New jail delays costly for county

ESCANABA — Delays in opening the new Delta County Correctional Facility at the Delta County Service Center have taken a financial toll on the county’s corrections department. Delta County’s finance committee recommended the approval of a budget amendment that would move almost $100,000 from the county’s general fund balance to the corrections budget during a meeting Tuesday.

Delta County Administrator Philip Strom said, on paper, the budget for the corrections department may appear to be in OK shape — 66 percent of the county’s 2018-19 fiscal year is done, and about 64 percent of the department’s budget has been spent. However, multiple line items in the budget are significantly higher than they were supposed to be at this point in the fiscal year.

“That’s because we had hoped and budgeted for being in the new jail by March 1,” he said.

According to Strom, some of the most heavily affected line items deal with bills for city water, electric and gas.

“Those have basically been depleted within the current budget,” he said.

The move to the new correctional facility is now set to be complete by the end of June. By then, the county will have been running two jails for four months more than it anticipated.

Strom noted he did not want other county departments to be impacted by the situation.

“I don’t think we ask other departments to sacrifice their budgets and their services to get us through this one-time operations issue,” he said.

A number of minor issues with the new correctional facility prevented the county from moving in earlier.

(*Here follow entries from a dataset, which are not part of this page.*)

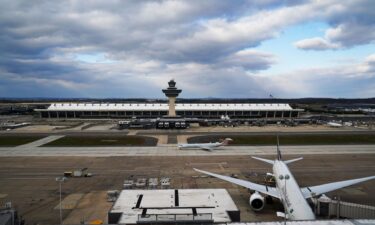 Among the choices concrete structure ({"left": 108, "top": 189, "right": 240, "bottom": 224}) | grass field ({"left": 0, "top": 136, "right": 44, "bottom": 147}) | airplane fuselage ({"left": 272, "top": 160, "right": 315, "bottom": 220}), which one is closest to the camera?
concrete structure ({"left": 108, "top": 189, "right": 240, "bottom": 224})

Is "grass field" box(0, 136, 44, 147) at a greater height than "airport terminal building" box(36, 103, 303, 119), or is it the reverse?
"airport terminal building" box(36, 103, 303, 119)

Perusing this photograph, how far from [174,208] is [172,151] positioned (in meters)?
51.6

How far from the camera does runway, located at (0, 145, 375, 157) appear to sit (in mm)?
77312

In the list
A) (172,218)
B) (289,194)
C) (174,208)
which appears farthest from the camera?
(289,194)

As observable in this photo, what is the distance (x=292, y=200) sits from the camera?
109 ft

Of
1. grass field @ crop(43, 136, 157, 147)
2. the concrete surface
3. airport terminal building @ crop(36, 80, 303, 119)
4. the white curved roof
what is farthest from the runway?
the white curved roof

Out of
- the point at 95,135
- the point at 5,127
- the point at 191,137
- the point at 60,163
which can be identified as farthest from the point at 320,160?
the point at 5,127

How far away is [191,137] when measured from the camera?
353ft

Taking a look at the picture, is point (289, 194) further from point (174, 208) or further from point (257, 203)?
Result: point (174, 208)

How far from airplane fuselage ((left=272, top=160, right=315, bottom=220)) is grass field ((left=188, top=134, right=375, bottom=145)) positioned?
2088 inches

“There were 64 hold-ups,” Sheriff Ed Oswald said.

These issues included problems with electrical lines and cell heating, among others.

Delta County Board of Commissioners Chair Patrick Johnson asked if the county has considered taking legal action against the construction firms involved with the project due to their role in the delay. Strom said the county’s initial contract with the firms included a November date for “substantial completion” of the project.

“We had some difficult conversations about substantial completion,” Strom said, noting opinions on when the milestone was met differed.

Early in the winter of 2018-19, Delta County made an agreement with the construction firms to extend the deadline for substantial completion from November to January.

“Although we couldn’t occupy the jail in January, we did think that it was (substantially) complete,” Strom said.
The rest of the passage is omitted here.